Verurteilte Täter erscheinen nicht zum Beginn der Gefängnisstrafe
Die meisten (7.532) Haftbefehle sind zur Strafvollstreckung ausgestellt. Das heißt, dass ein verurteilter Täter seine Gefängnisstrafe zu einem bestimmten Termin antreten musste, aber nicht erschienen ist. 1.915 Haftbefehle beziehen sich auf die Strafverfolgung - dabei sucht die Polizei nach einem dringend Verdächtigen.
Fast 3.000 offene Haftbefehle stammen aus den vergangenen zwölf Monaten. Rund 4.200 sind älter als ein Jahr, 2.300 älter als drei Jahre.

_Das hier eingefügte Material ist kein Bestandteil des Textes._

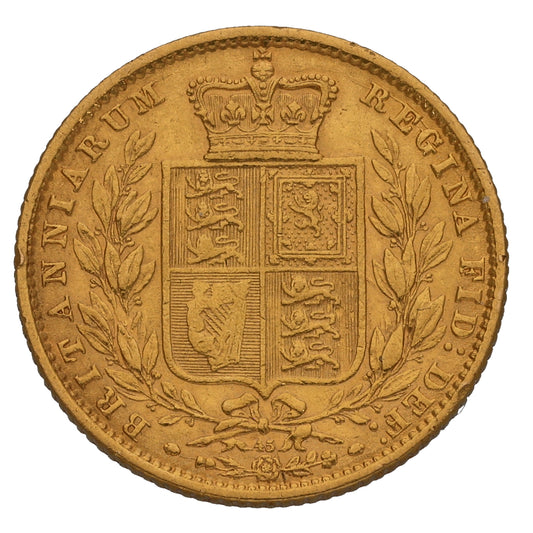 22ct Gold Queen Victoria Full Sovereign Coin 1872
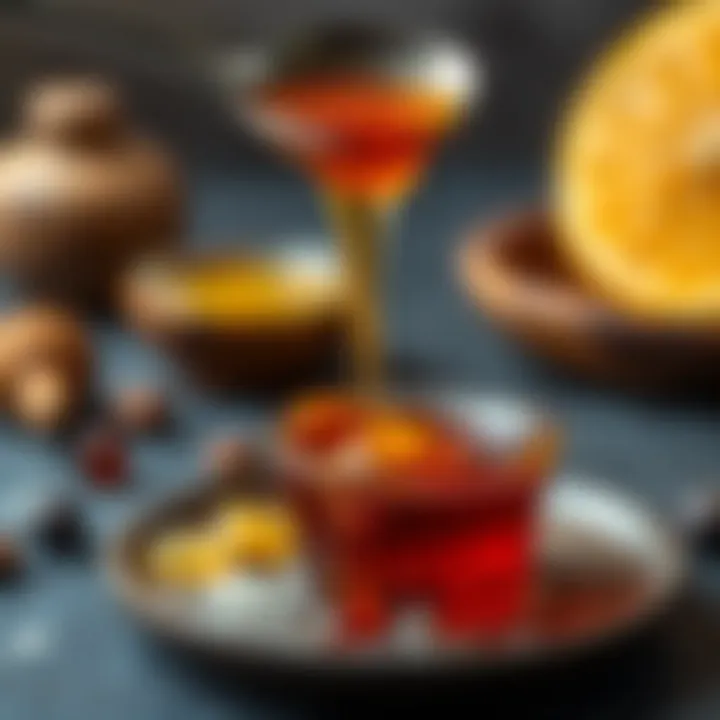 Rich texture of Anzer honey drizzling from a spoon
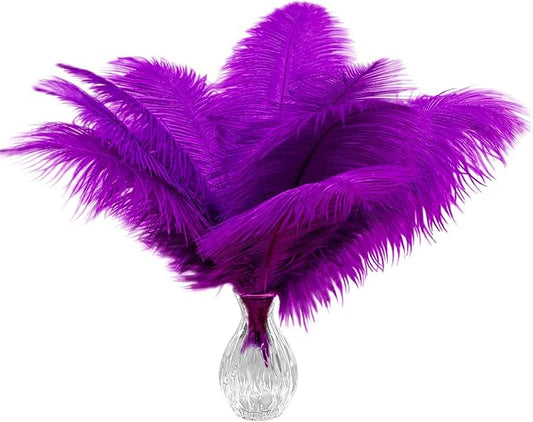 Piokio 20 pcs Natural Purple Ostrich Feathers 12-14 inch(30-35 cm) Bulk for Wedding Party Centerpieces, and DIY Clothes Decoration, Gatsby Decorations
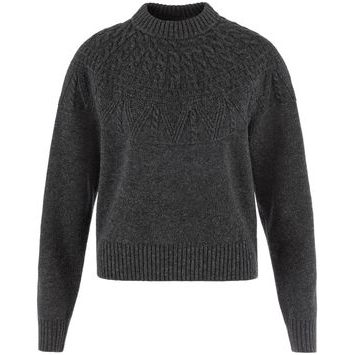 FJÄLLRÄVEN Övik Solid Jacquard Knit W Dark Grey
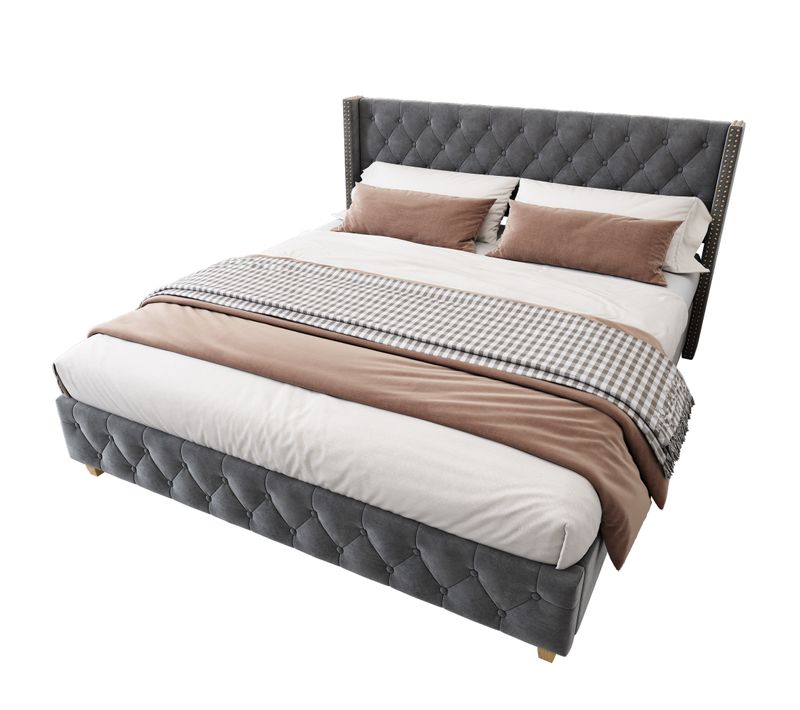 Lit Rembourré Adulte 140x190 Cm Rembourrage à Rivets, Pieds En Bois, Velours, Gris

Vorsorgliche Haftbefehle bei abgeschobenen Kriminellen
Innen-Staatssekretär Christian Hochgrebe (SPD) wies in der Antwort darauf hin, dass bei den offenen Haftbefehlen zu schweren Straftaten viele Fälle dabei seien, bei denen verurteilte Täter ins Ausland abgeschoben wurden, bevor sie
die Strafe verbüßt hätten. Sie werden automatisch zur Fahndung ausgeschrieben für den Fall, dass sie zurück nach Deutschland kommen. «Auch bei Straftaten, die nicht verjähren, werden Fahndungen auch von lange
zurückliegenden Taten weiter verfolgt und teilweise über Jahrzehnte aufrechterhalten», hieß es weiter.